To that last point, she bristles at attempts to make Christianity reassuringly self-help-ish, "push[ing] mystery aside as if it were a delusion of ignorance or fear that can have no relevance to people living in the real world."

For those who know Robinson only from her careful, full-hearted novels about faith and family in Idaho (where she was born) and Iowa (where she lives now), these dense and contemplative pieces can be tough sledding. One essay exploring the theological implications of the "begats" that open the Book of Matthew has the rigor of a div-school lecture; another on the nature of grace in Shakespeare's plays arrives with high expectations of the reader's command of the Bible and the bard.

In some ways, though, this level of erudition is refreshing. Robinson's writing betrays not only deep research but a conviction of the broad importance of her intellectual pursuits, no matter how esoteric. When she expresses her concerns about neuroscience, as she often does, she's exploring a pitched battle about the nature of our self: "Science of the kind I criticize tends to assert that everything is explicable," she writes. But what room is there, she asks, for the soul in constant Fitbit-ification of our lives?

She's blunter still on matters of social justice, despairing of how some corners of American Christianity have rationalized gun ownership, bigotry and contempt for the poor. "There are people who want to pile money on money, but they are the takers, not makers," she writes. "Easily half of the Bible by weight supports me on this point, and nine-tenths of cultural history."

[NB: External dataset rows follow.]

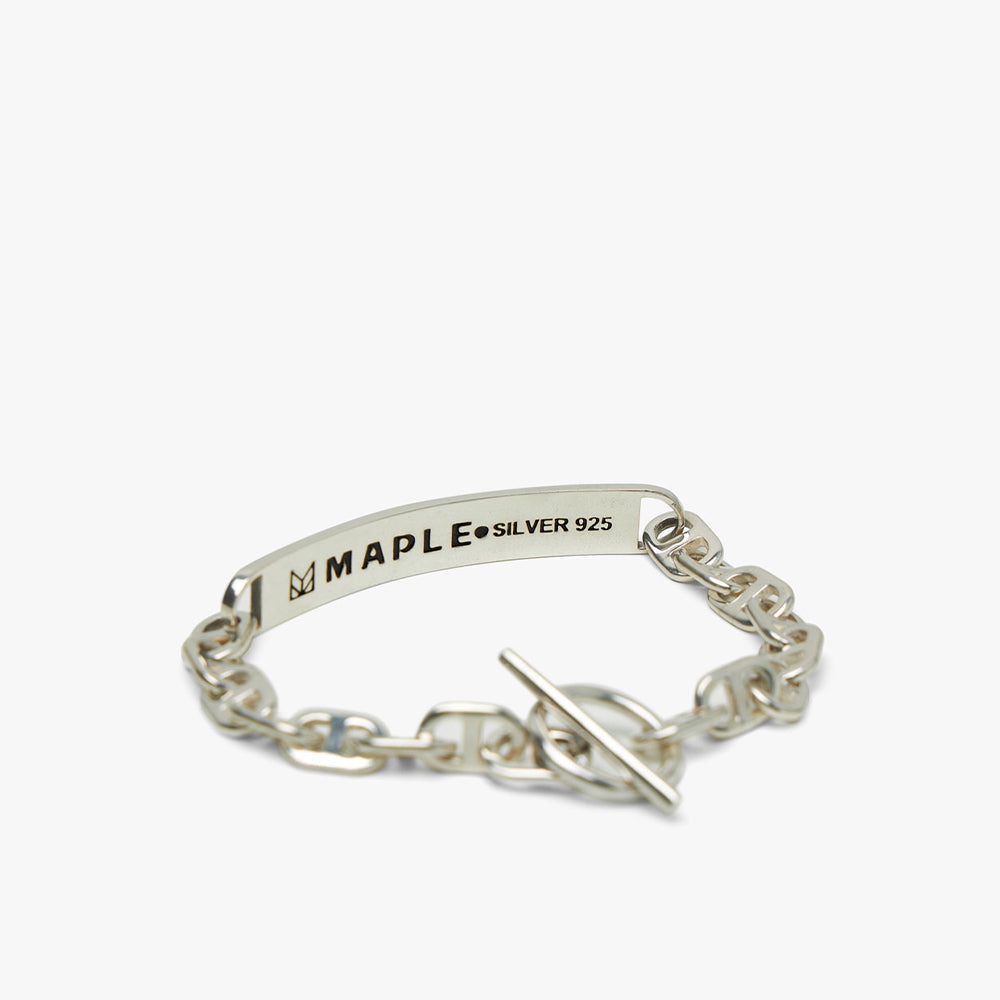  MAPLE Bandana ID Bracelet / Silver .925、mySite、merchandisen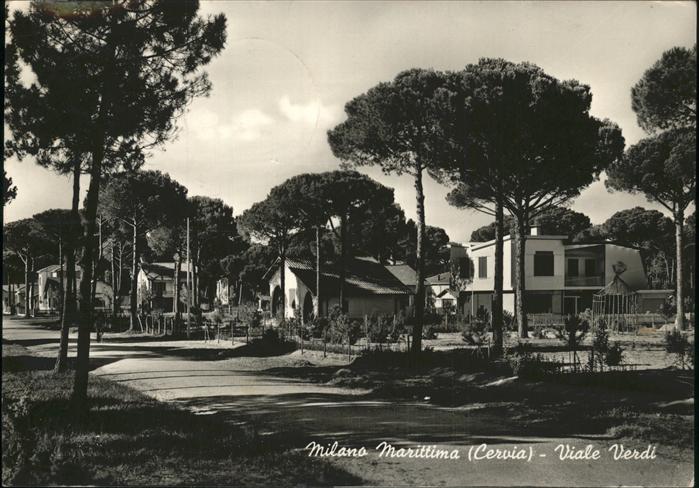 Cervia Milano Marittima Viale Verdi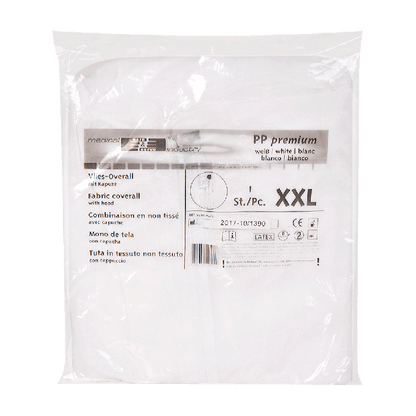 Einmal-Schutzoverall XXL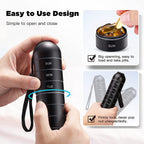 Waterproof Aluminum Alloy Medicine Capsule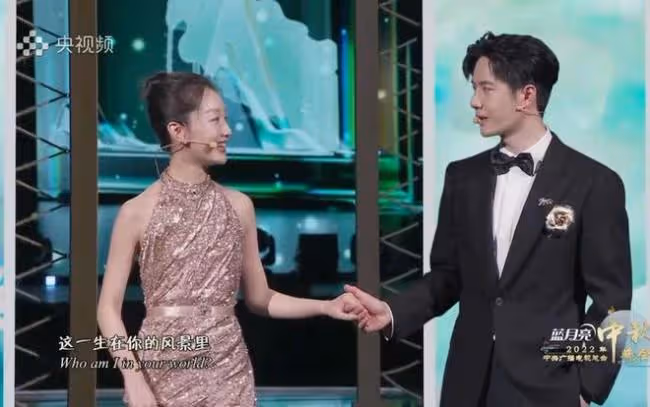央視中秋晚會收視率第一 劉愷威狀態絕了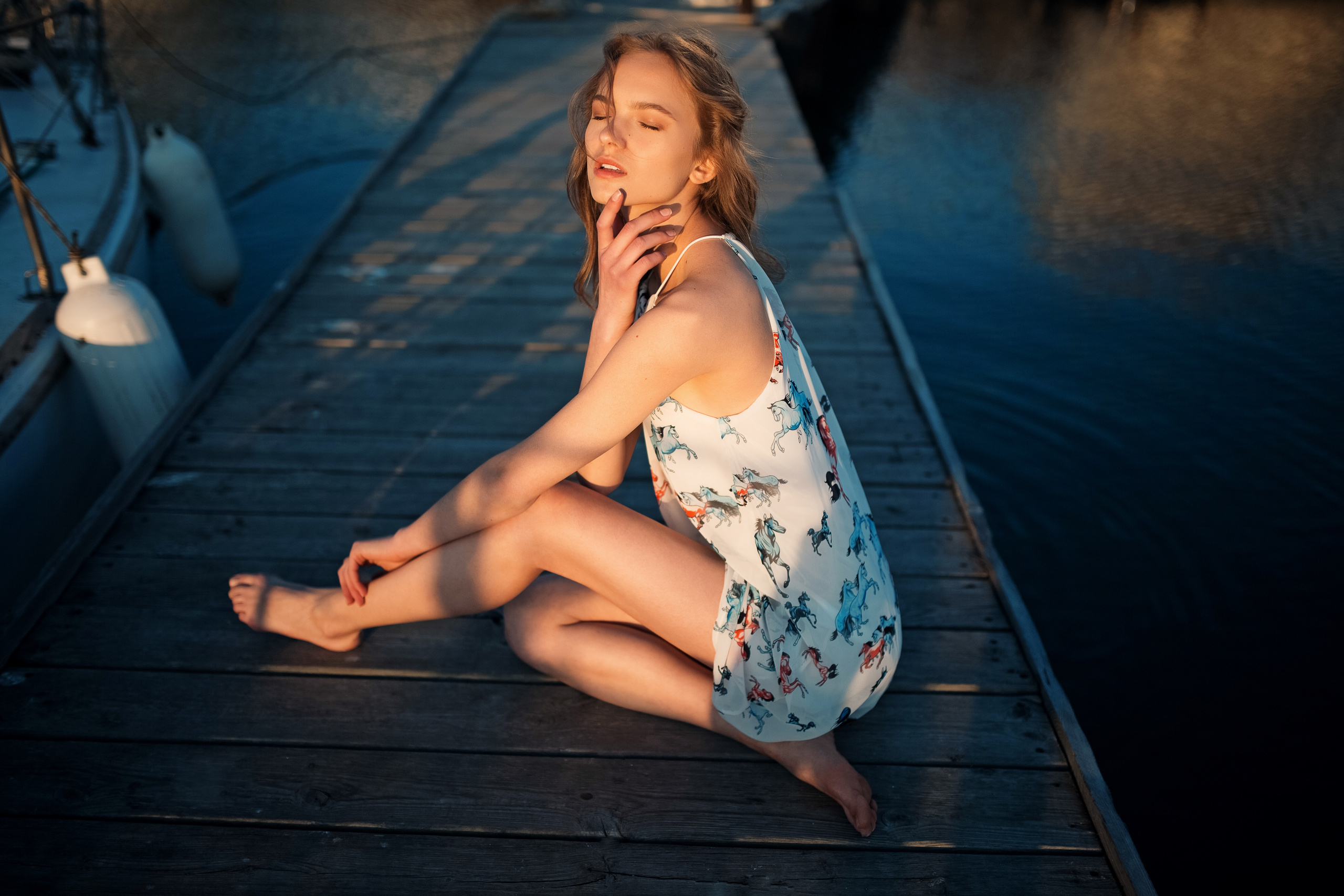 Портретная съёмка в Крыму от профессионального фотографа :: Алексей Ку. Фотограф в Керчи, свадебная фотосессия в Крыму :: Алексей Кушин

Faith in God she has plenty of; faith in society's improvement on these fronts is limited. "By the standards of, let us say, Renaissance England and Europe, we're really not doing too badly," she concedes. Fair point: If you're reading this, you probably don't have bubonic plague. If that's not much reassurance, tough. Grace and generosity define Robinson's fiction, but this book reveals how much labor goes into understanding them.

Mark Athitakis is a reviewer in Phoenix.